TASK OBJECTIVE
Before printing, remove every picture; then print the lines below exactly, from the first line through the line containing "السلام عليكم".

┌─ MATERIAL PROVIDED

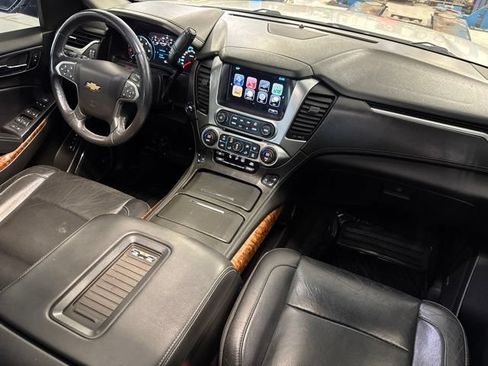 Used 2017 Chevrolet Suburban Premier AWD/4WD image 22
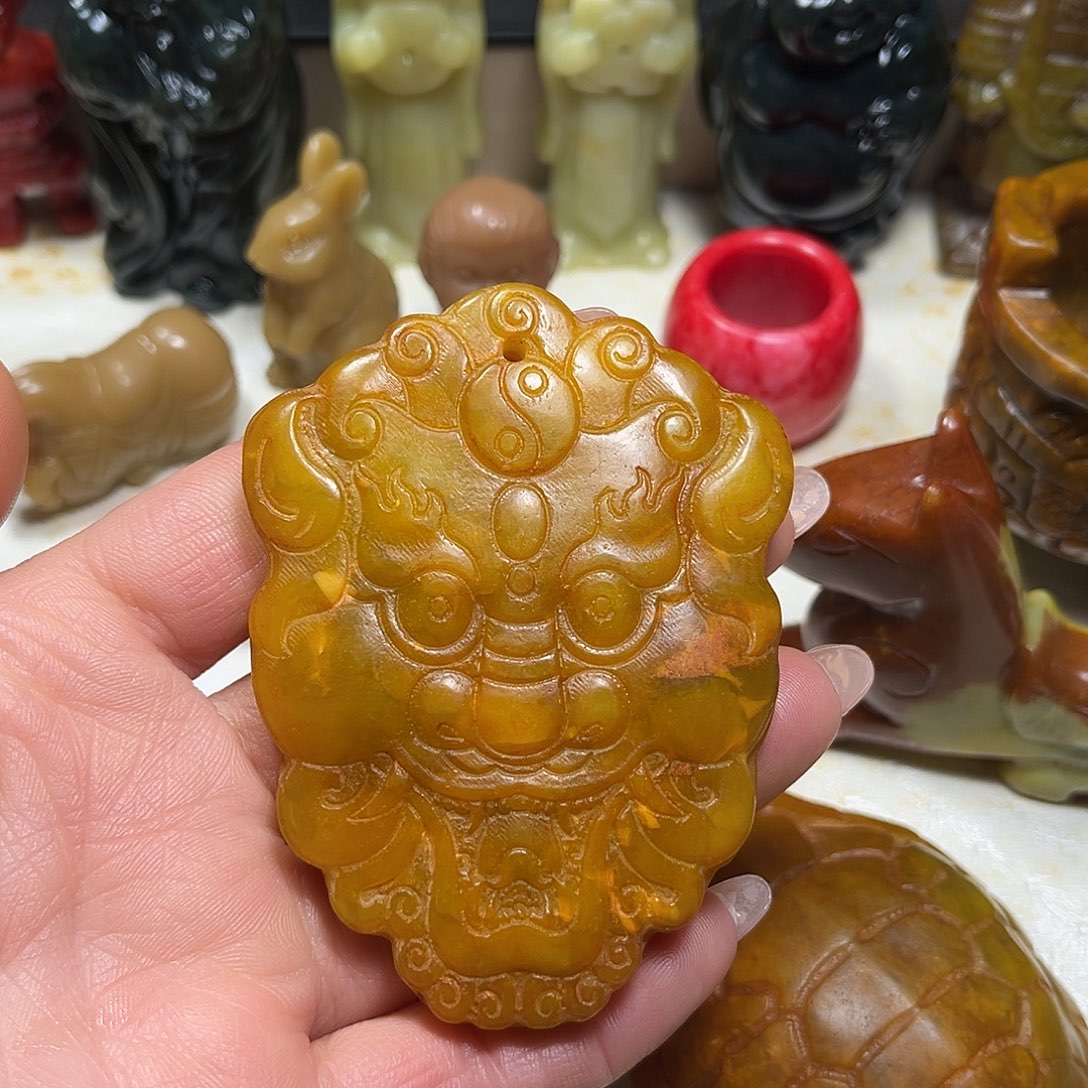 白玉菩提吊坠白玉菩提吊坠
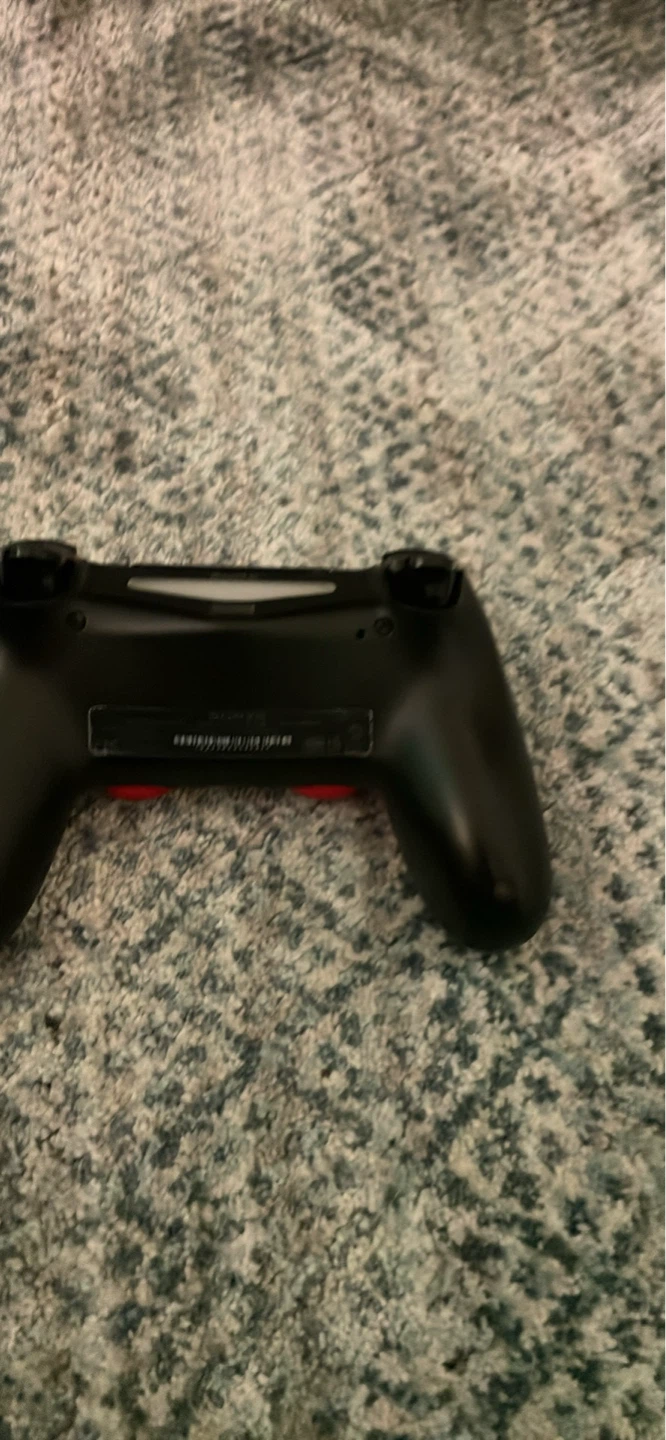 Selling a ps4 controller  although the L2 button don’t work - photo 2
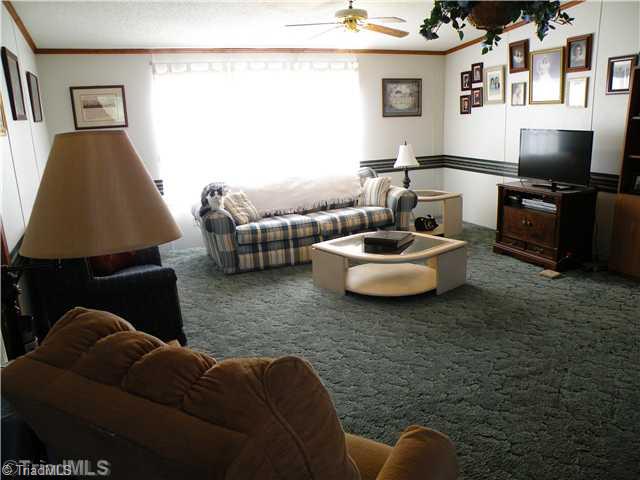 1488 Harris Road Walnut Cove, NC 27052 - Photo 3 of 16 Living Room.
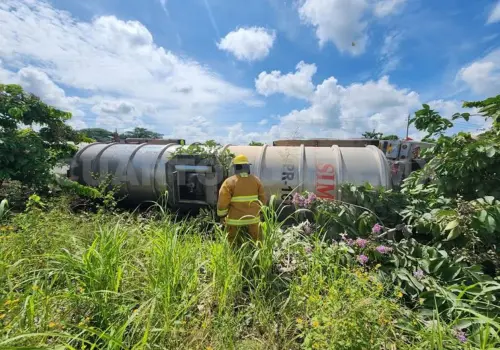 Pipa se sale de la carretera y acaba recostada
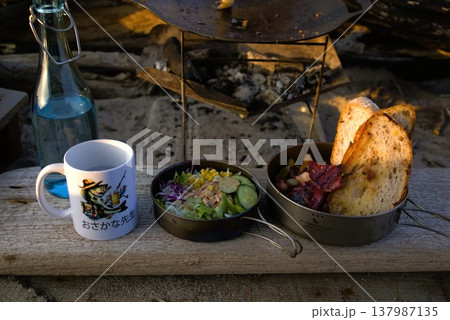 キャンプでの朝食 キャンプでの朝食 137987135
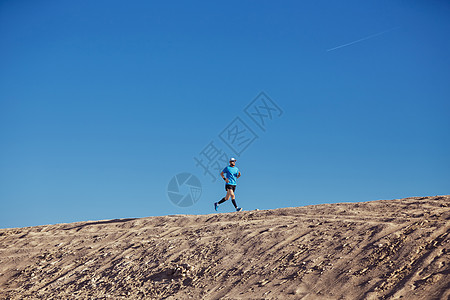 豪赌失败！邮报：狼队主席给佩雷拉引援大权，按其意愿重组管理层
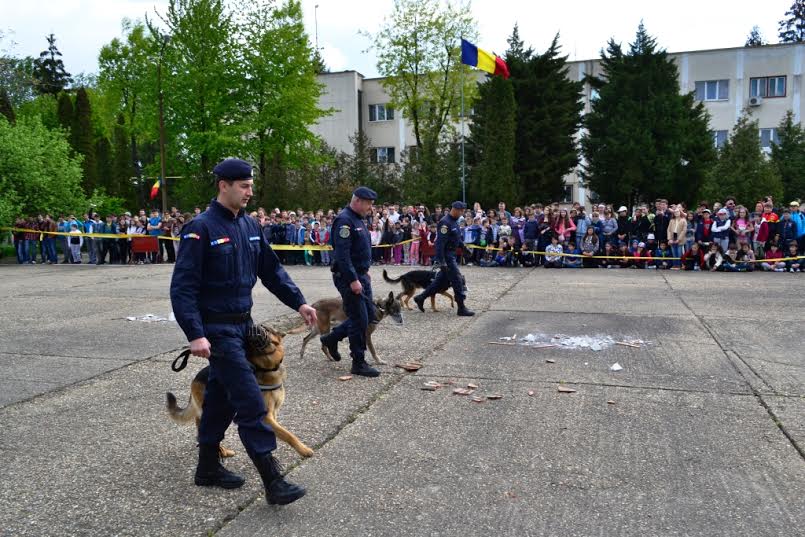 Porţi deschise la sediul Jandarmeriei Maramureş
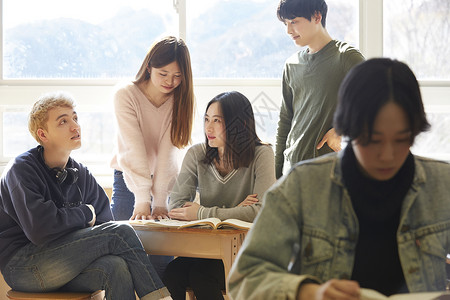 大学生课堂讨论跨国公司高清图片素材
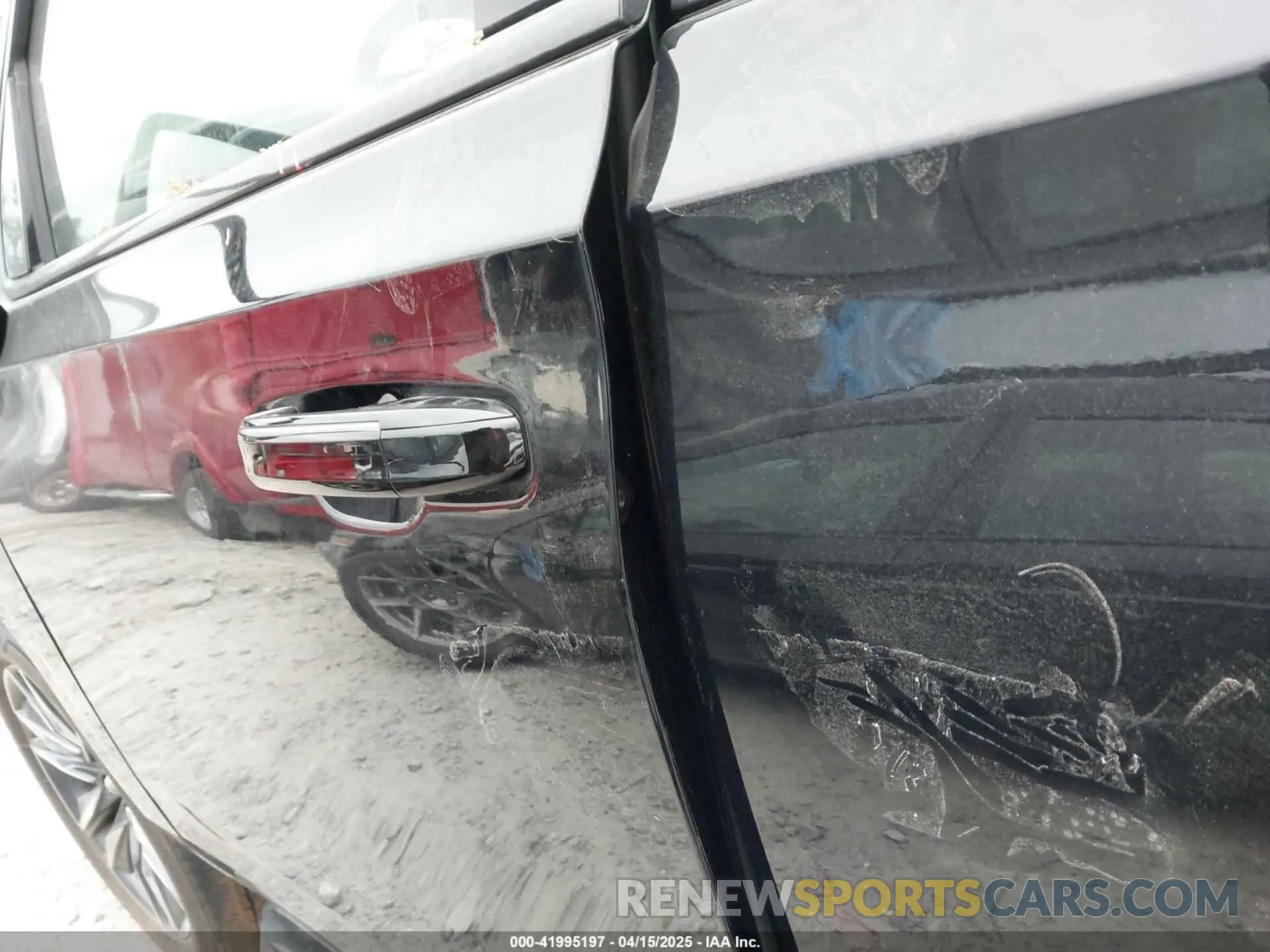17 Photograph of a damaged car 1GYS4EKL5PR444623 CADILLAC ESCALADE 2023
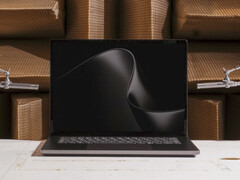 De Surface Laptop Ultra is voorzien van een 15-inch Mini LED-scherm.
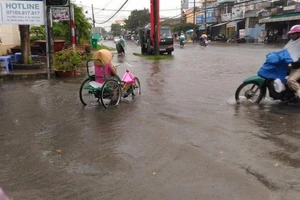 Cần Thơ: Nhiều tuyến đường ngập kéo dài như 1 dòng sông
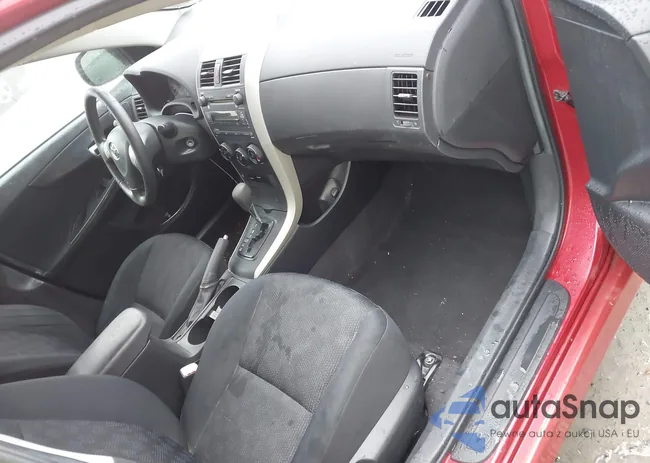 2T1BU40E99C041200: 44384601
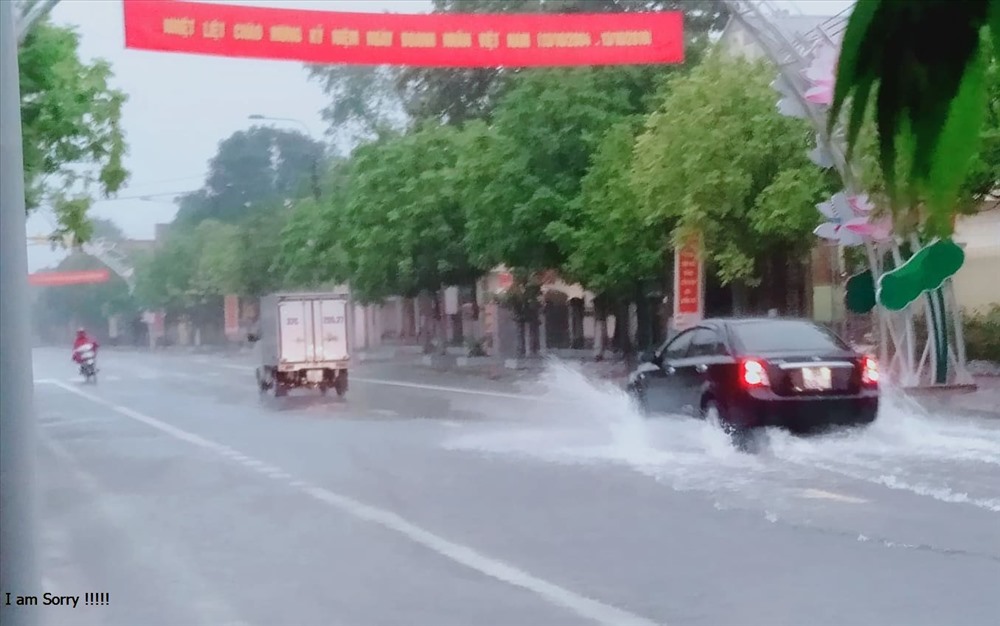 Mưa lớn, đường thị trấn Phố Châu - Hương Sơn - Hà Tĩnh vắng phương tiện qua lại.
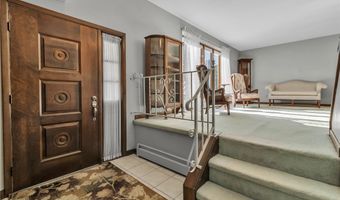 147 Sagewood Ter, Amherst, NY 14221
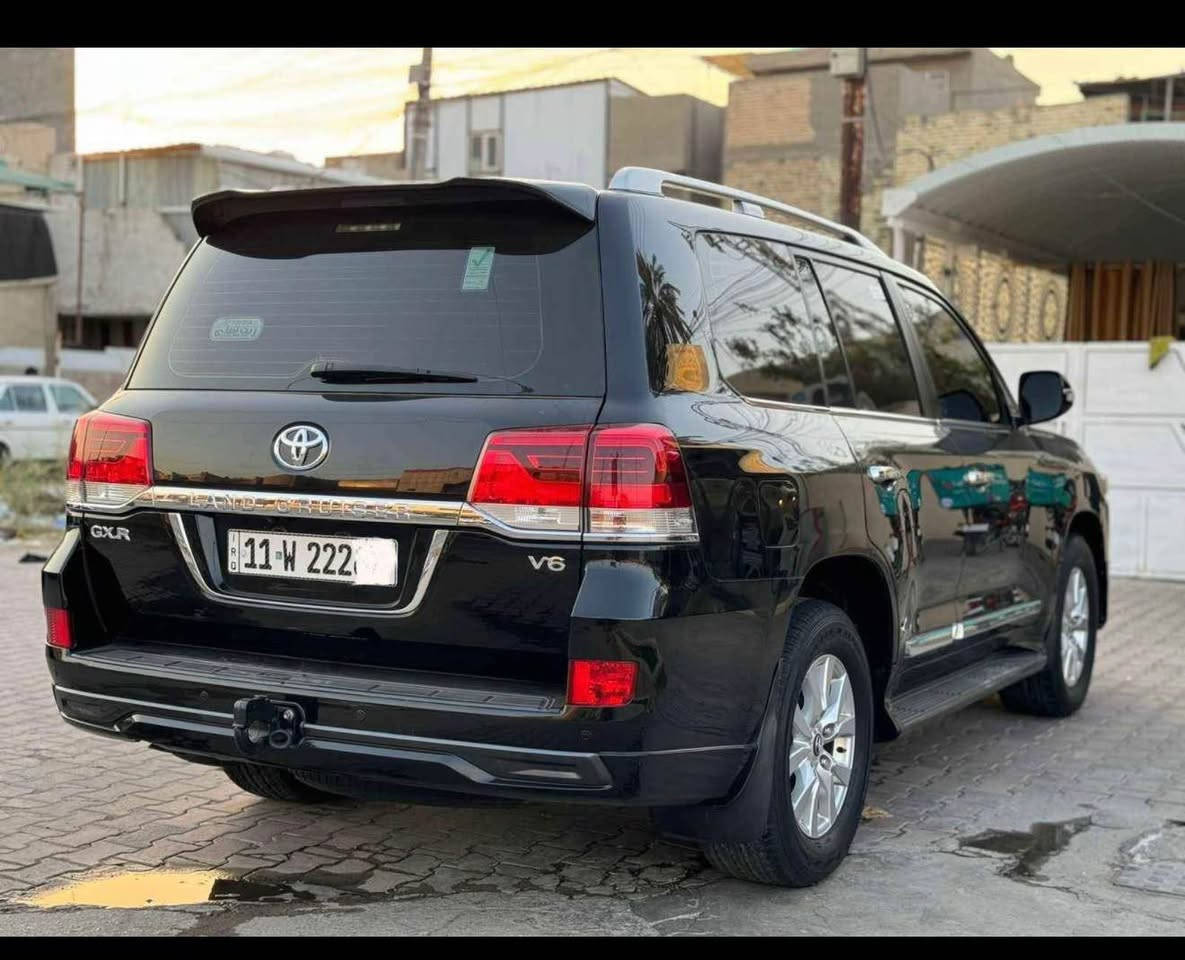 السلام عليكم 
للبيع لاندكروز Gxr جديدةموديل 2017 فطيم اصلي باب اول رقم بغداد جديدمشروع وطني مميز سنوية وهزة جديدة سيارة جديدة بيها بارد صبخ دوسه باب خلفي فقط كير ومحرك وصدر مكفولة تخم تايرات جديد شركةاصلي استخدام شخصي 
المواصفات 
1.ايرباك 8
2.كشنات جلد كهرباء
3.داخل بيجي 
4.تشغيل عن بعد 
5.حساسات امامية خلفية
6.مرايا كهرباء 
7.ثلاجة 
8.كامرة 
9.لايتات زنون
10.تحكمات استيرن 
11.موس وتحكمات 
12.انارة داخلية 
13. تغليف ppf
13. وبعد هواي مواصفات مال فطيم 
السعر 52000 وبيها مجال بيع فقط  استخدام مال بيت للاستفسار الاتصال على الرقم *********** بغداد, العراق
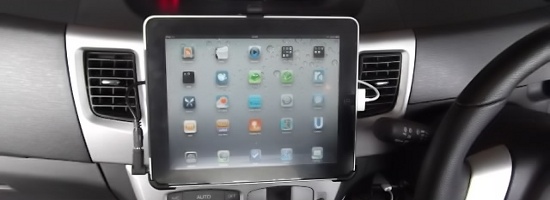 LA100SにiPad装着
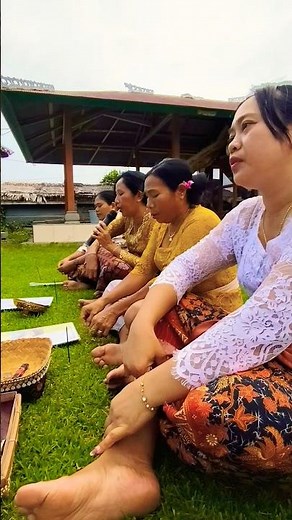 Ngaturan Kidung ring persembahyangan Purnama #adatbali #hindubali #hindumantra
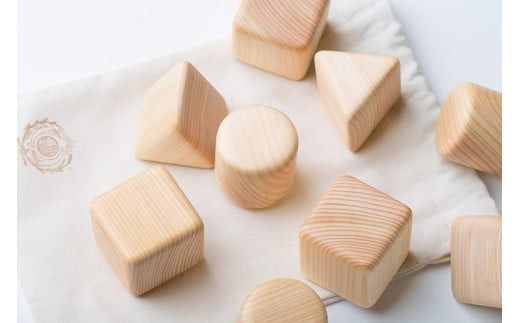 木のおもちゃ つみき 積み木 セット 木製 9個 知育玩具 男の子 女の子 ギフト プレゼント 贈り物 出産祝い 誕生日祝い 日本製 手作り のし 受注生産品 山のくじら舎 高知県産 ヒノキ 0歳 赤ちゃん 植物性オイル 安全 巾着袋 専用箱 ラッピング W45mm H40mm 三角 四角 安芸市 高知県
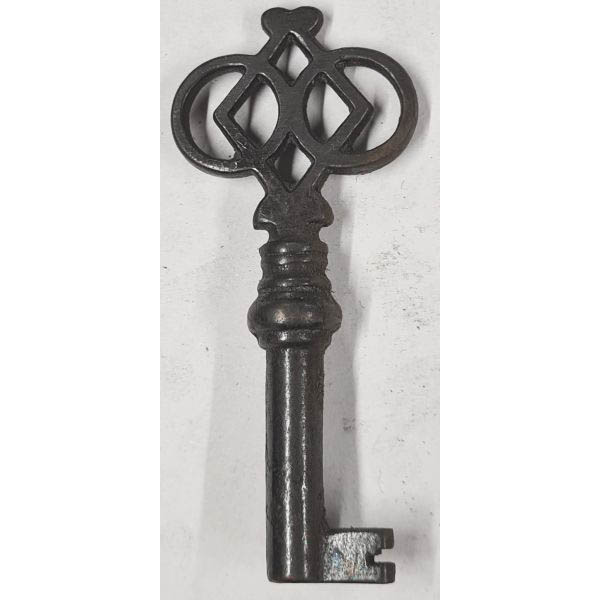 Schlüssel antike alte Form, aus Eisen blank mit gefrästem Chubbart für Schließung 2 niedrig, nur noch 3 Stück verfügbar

└─

ANSWER TO THE PROBLEM
 Used 2017 Chevrolet Suburban Premier AWD/4WD image 22
 白玉菩提吊坠白玉菩提吊坠
 Selling a ps4 controller  although the L2 button don’t work - photo 2
 1488 Harris Road Walnut Cove, NC 27052 - Photo 3 of 16 Living Room.
 Pipa se sale de la carretera y acaba recostada
 キャンプでの朝食 キャンプでの朝食 137987135
 豪赌失败！邮报：狼队主席给佩雷拉引援大权，按其意愿重组管理层
 Porţi deschise la sediul Jandarmeriei Maramureş
 大学生课堂讨论跨国公司高清图片素材
17 Photograph of a damaged car 1GYS4EKL5PR444623 CADILLAC ESCALADE 2023
 De Surface Laptop Ultra is voorzien van een 15-inch Mini LED-scherm.
 Cần Thơ: Nhiều tuyến đường ngập kéo dài như 1 dòng sông
 2T1BU40E99C041200: 44384601
 Mưa lớn, đường thị trấn Phố Châu - Hương Sơn - Hà Tĩnh vắng phương tiện qua lại.
 147 Sagewood Ter, Amherst, NY 14221
 السلام عليكم 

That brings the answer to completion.